This is where human judgment becomes paramount. For the top-ranked companies from Step 2, we must understand the story behind the numbers.
- The Moat: Can you clearly articulate the competitive advantage in one sentence? (Network effects, high switching costs, brand, etc.) Is that moat widening or shrinking?
- Capital Allocation: Read the last two shareholder letters. Does the CEO talk about ROIC and think like an owner? Do they have a track record of intelligent acquisitions and timely share buybacks? This is a crucial, forward-looking indicator.
- Reinvestment Runway: What is the Total Addressable Market (TAM)? Does the company have a clear path to reinvest its cash flow at high rates of return for the next 5-10 years?
We have identified the best businesses with the strongest momentum. Now, and only now, do we perform a rigorous, independent valuation to determine our entry point. We completely separate the analysis of the business from the price of the stock.

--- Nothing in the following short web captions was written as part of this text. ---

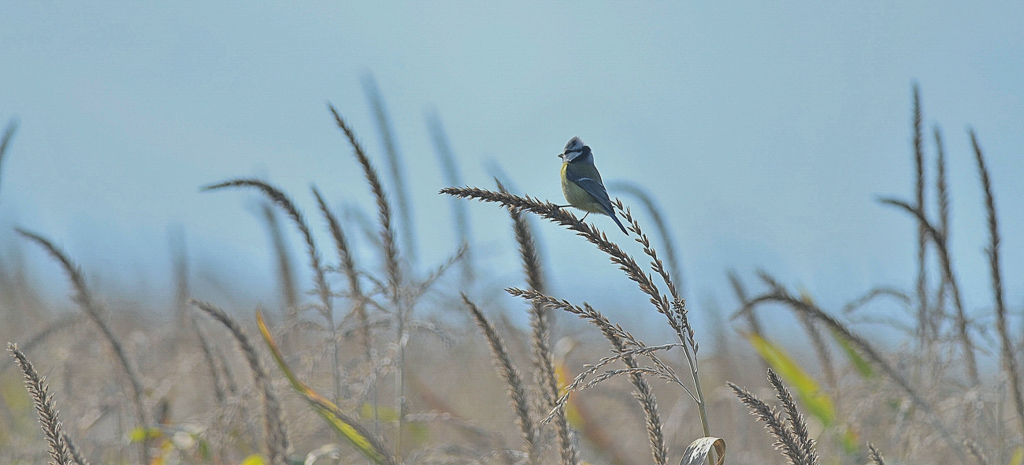 P'tite bleue sur sa canopée-2.jpg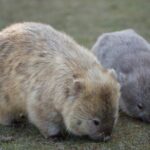 Hobart: Maria Island National Park - Nature & Wildlife Adventure - Final Thoughts: Is It Worth It?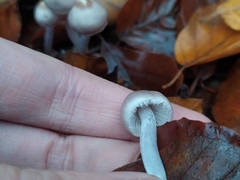 Inocybe lilacina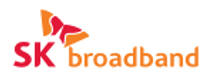 [SK브로드밴드] 2025 SK브로드밴드 Junior Talent 채용 (마케팅/영업)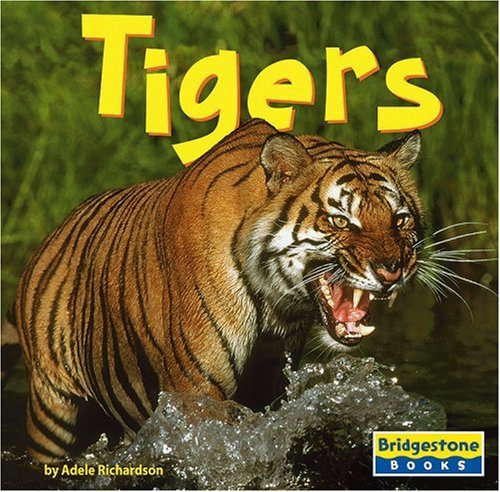 Stock image for Tigers for sale by ThriftBooks-Dallas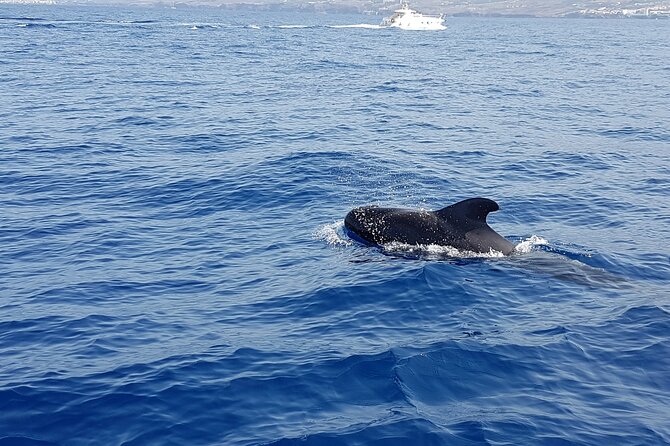 3-Hour Excursion to Puerto Colón Adeje to See Whales - Glowing Traveler Reviews and Recommendations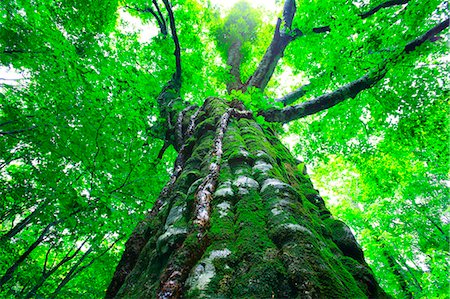 fish eye view - Shirakami-Sanchi, Akita Prefecture, Japan Stock Photo - Rights-Managed, Code: 859-07441409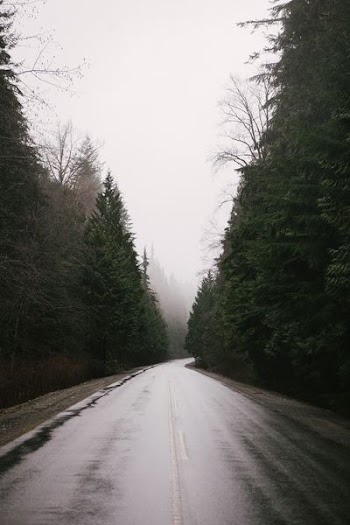 empty winding foggy road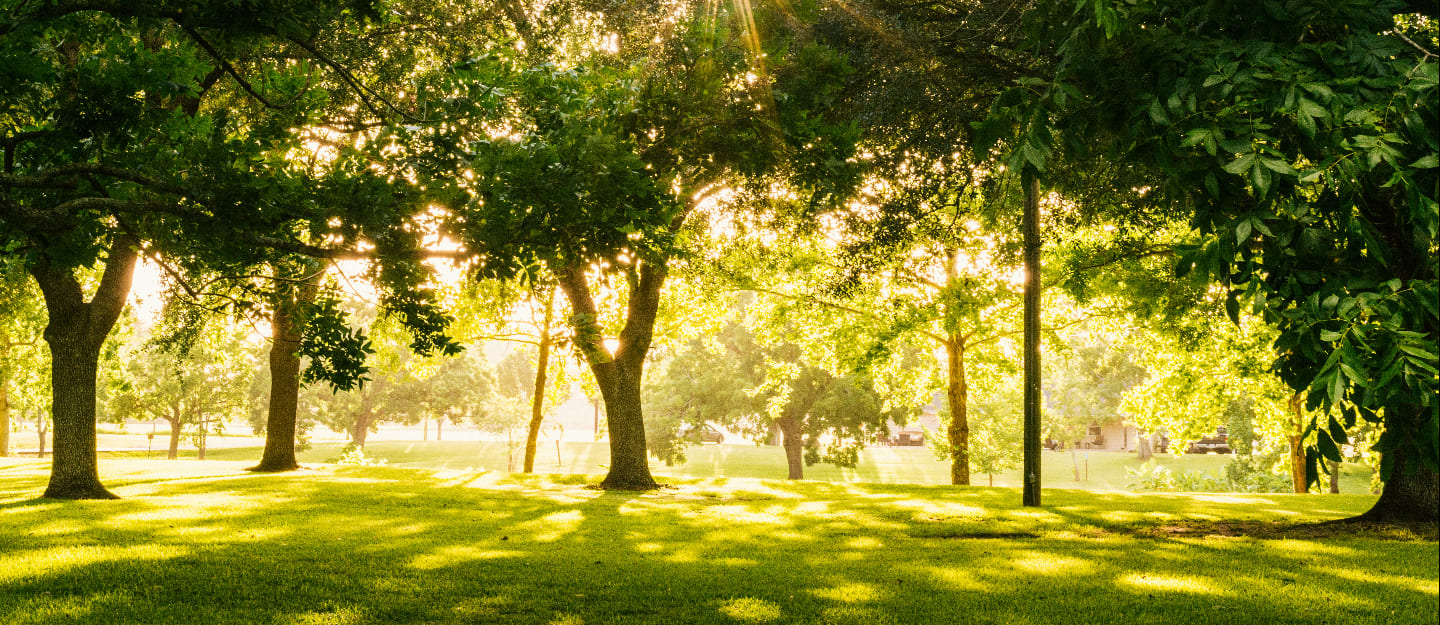 منتزه أرامكو البيئي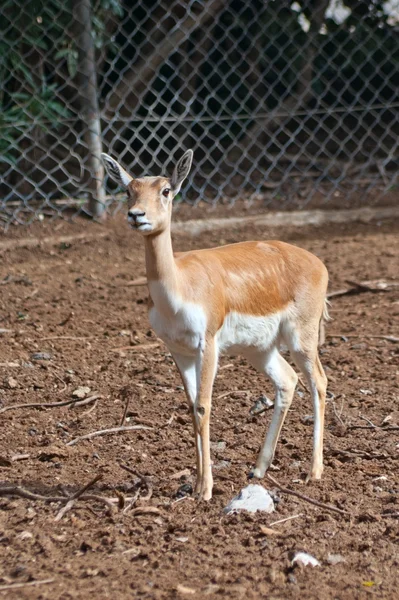 Baby deer — Stock Photo, Image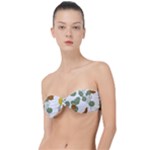 Nasturtium Flowers Plant Leaves Classic Bandeau Bikini Top 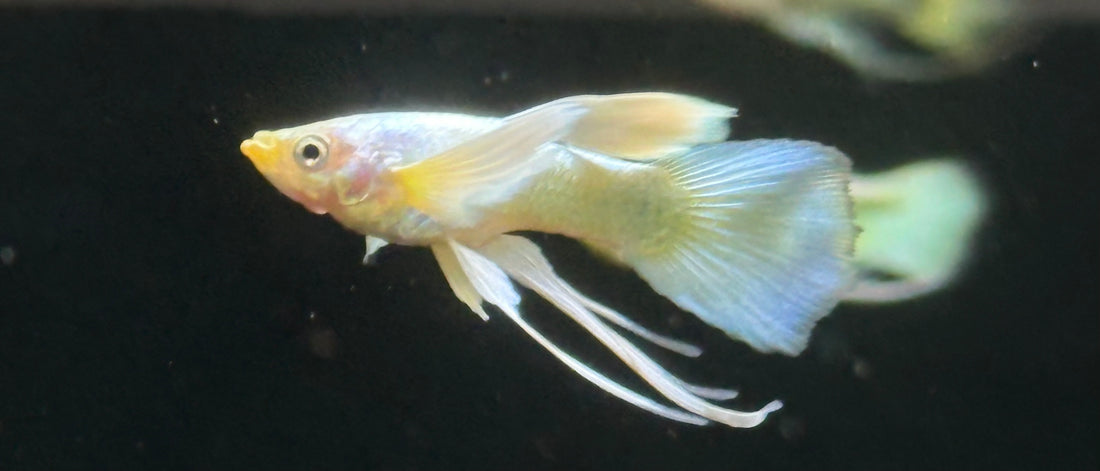 Ribbon Guppy Pair (1.25”)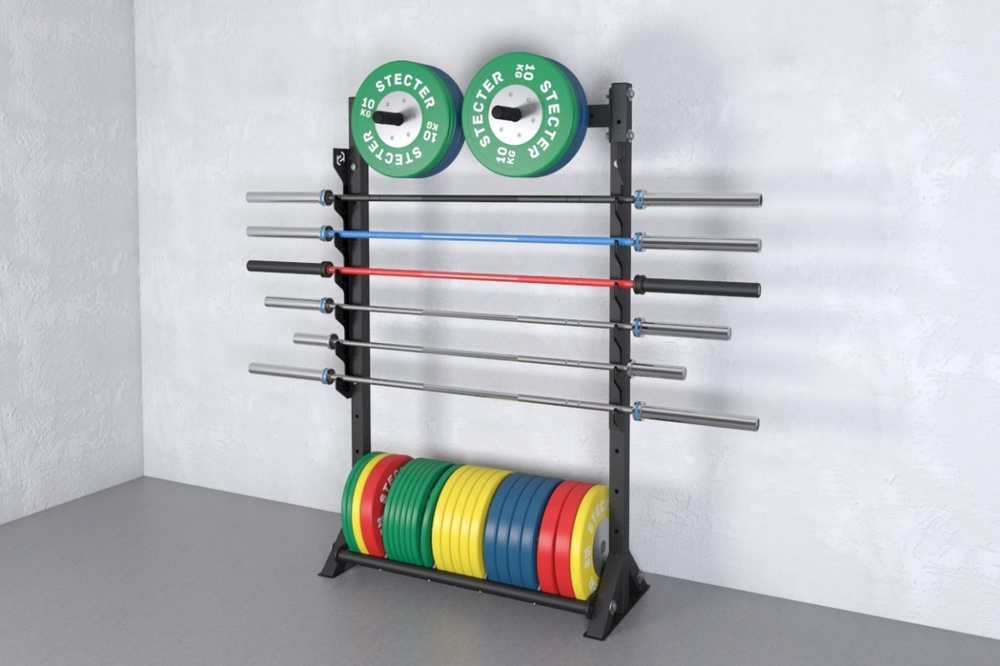 Стеллаж для хранения грифов и дисков 1100-1950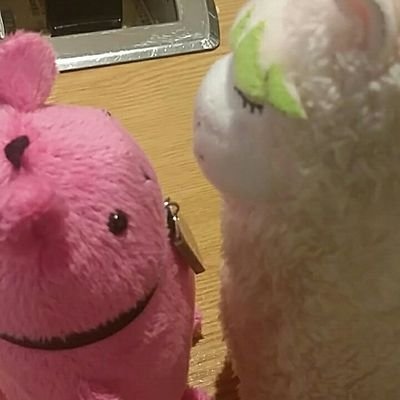 팅さんのプロフィール画像
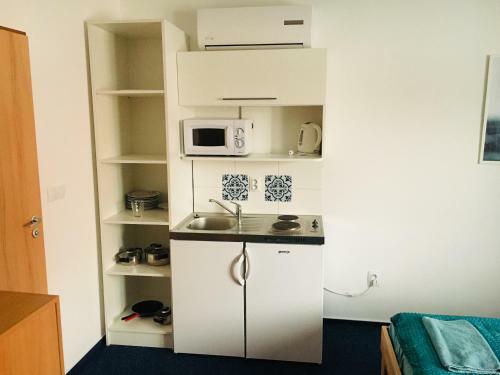 Hostal Mikulov Inn - Penzion Zem?
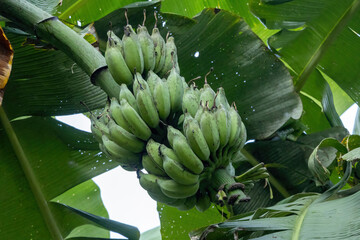 Fresh, young bunch of green bananas still attached to the plant, hanging down among large, lush green leaves of a tropical banana tree in a sunny, agricultural setting.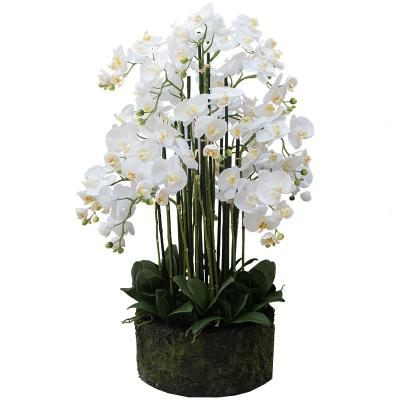 China Art Decor Pots for Bonsai Plants Large Phalaenopsis Artificial Flowers Natural Floor Decoration for sale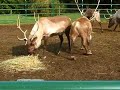 reindeer feeding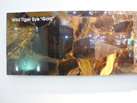 wild tiger eye "gold"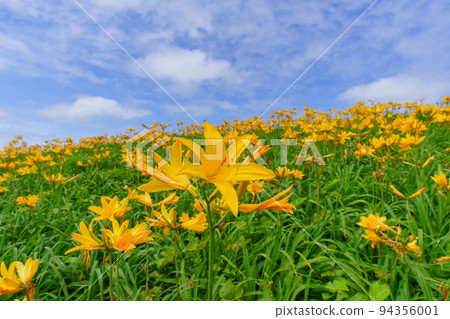 佐渡小野的飛島黃花菜(初夏新潟孤島觀光) 佐渡小野的飛島黃花菜(初夏新潟孤島觀光) 94356001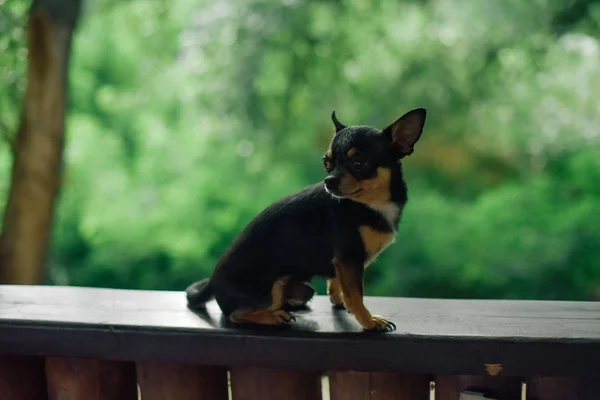 Roter Chihuahua-Hund liegt auf Fensterbank am Fenster und blickt in die Ferne. — Stockfoto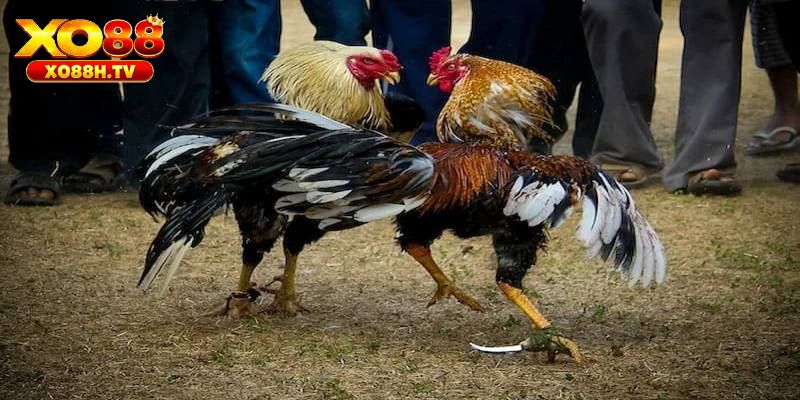 Chi Tiết Hướng Dẫn Chơi Đá Gà Cựa Dao Philipines Tại Xo88 2 Sức hút đặc biệt của đá gà cựa dao Philipines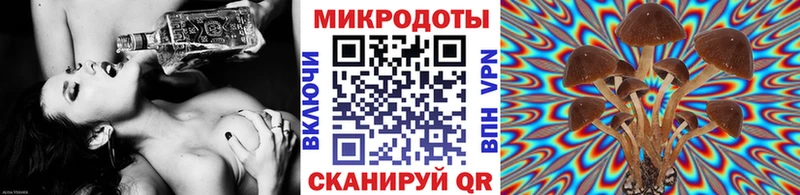 Галлюциногенные грибы Psilocybine cubensis Красный Холм
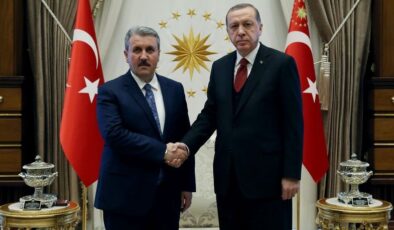 Cumhurbaşkanı Erdoğan, Destici ile görüşüyor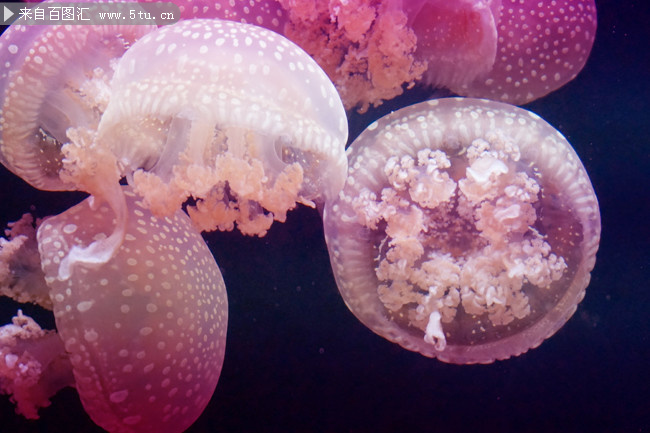 水母海底生物摄影图片高清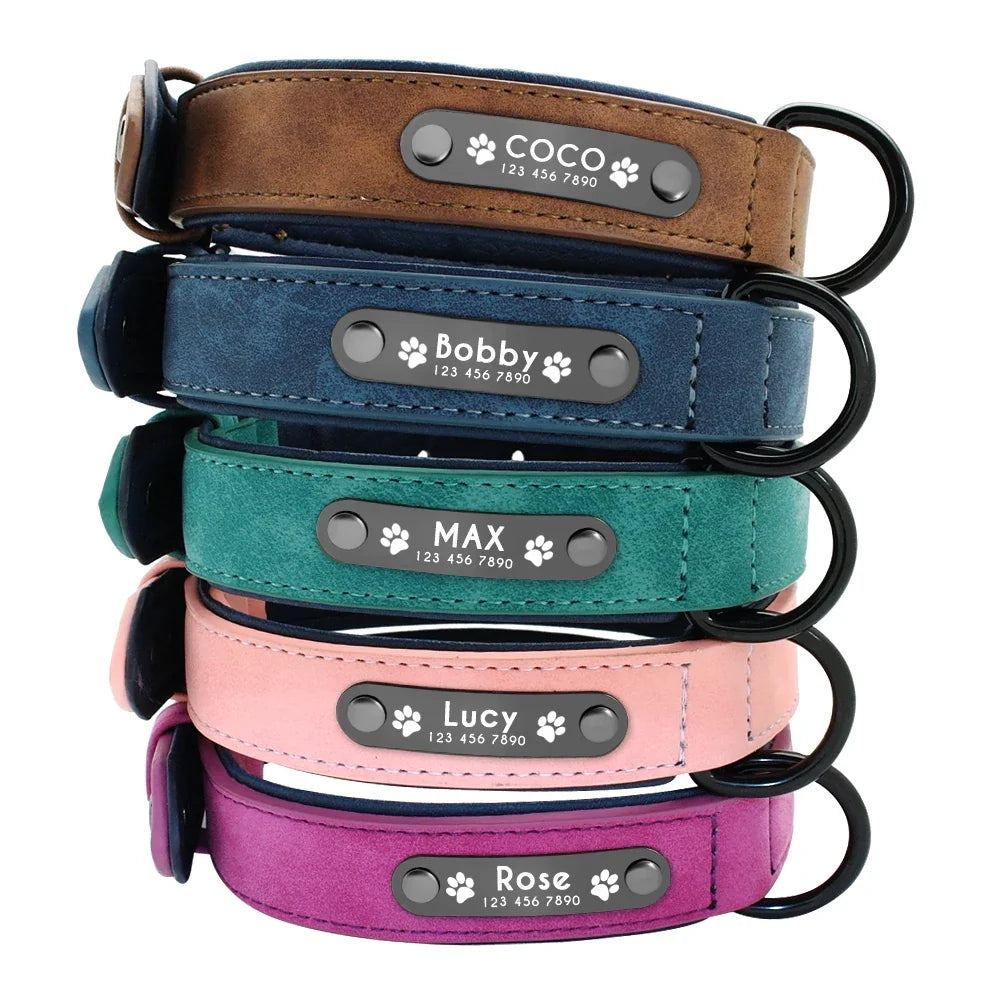Personalized Leather Dog Collar with Engraved Nameplate — Soft Padded Leather, Silent ID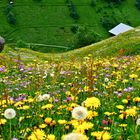 Silblen, Golzern ,Maderanertal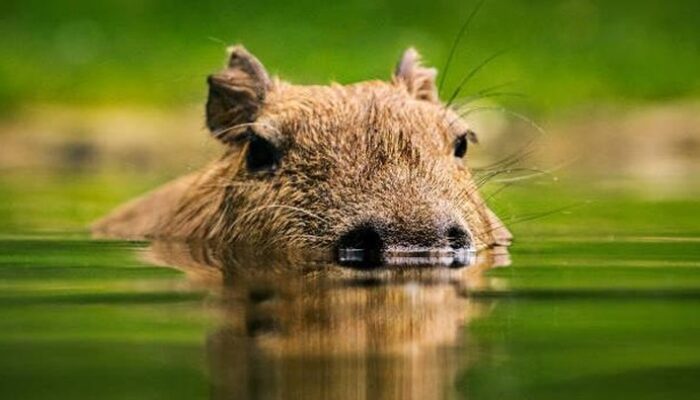**Seperti di Film-film, 3 Kapibara Kabur dari Kebun Binatang Zhuyuwan, Yangzhou**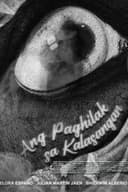 Ang Paghilak sa Kalasangan (Where Green Turns to Grief)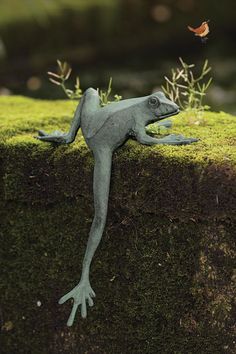 a lizard is sitting on top of a mossy surface with a butterfly in the background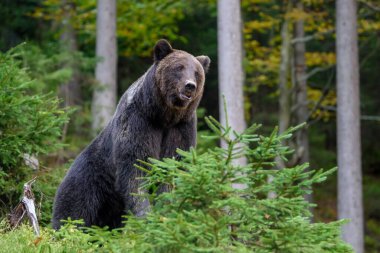 Ormandaki Büyük Kahverengi Ayı 'yı kapatın. Doğal ortamda tehlikeli bir hayvan. Vahşi yaşam sahnesi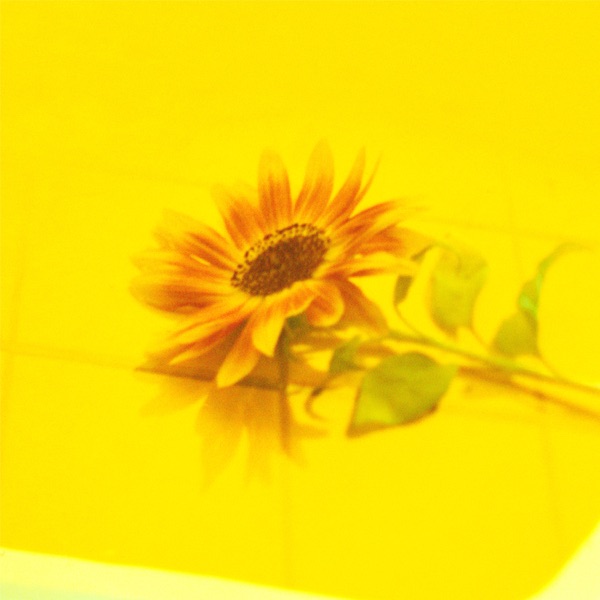 [Single] Vaundy – 花占い (2021.07.05/MP3+Hi-Res FLAC/RAR)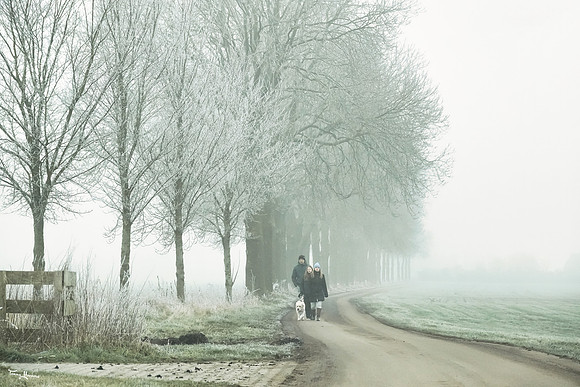 mist_omgeving_TH_0053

Valuation Method | Action & Thresholds |
---|---|
Primary: Discounted Cash Flow (DCF) | Build a conservative 10-year FCF model. This forces you to get your hands dirty and make explicit assumptions about the business's future. The output is your estimate of Intrinsic Value. |
The Buy Trigger | Demand a Margin of Safety. We will only initiate a position when the current market price is at a 25% discount to our calculated Intrinsic Value. This provides a buffer against errors in our judgment and market volatility. |
Secondary (Sanity Check): Reverse DCF | What growth rate is the market pricing in? Use the current stock price as the fair value and solve for the required FCF growth rate. If the market is pricing in 20% growth for the next decade and you think 15% is more realistic, the stock is overvalued. This is a powerful check against irrational exuberance. |
The Enhanced Strategy in Action
1. Screen
Start with 1,000 large-cap stocks. The "Quality Screen" brutally filters this down to just 40 elite businesses.
2. Score & Rank
The "Growth & Momentum Scorecard" is applied to the 40 survivors. We identify the top 15 with the best combination of quality and growth.
3. Vet
We conduct deep qualitative due diligence on these 15. We eliminate 5 whose moats are questionable or whose management seems undisciplined, leaving 10 "Quality Compounders."
4. Buy
We build a DCF for each of the 10 companies. We find that 3 are currently trading at a >25% discount to our conservative intrinsic value estimate. These are our buy candidates. The other 7 are placed on a "farm team" watchlist.
Strategy Summary
This Company Selection Strategy combines the best of both approaches. It uses absolute standards to ensure quality, a relative ranking system to identify elite performers, and a disciplined, separate valuation gate to ensure we buy great businesses at a fair price. This is how you systematically build a portfolio of the strongest companies while protecting yourself from value traps and undue risk.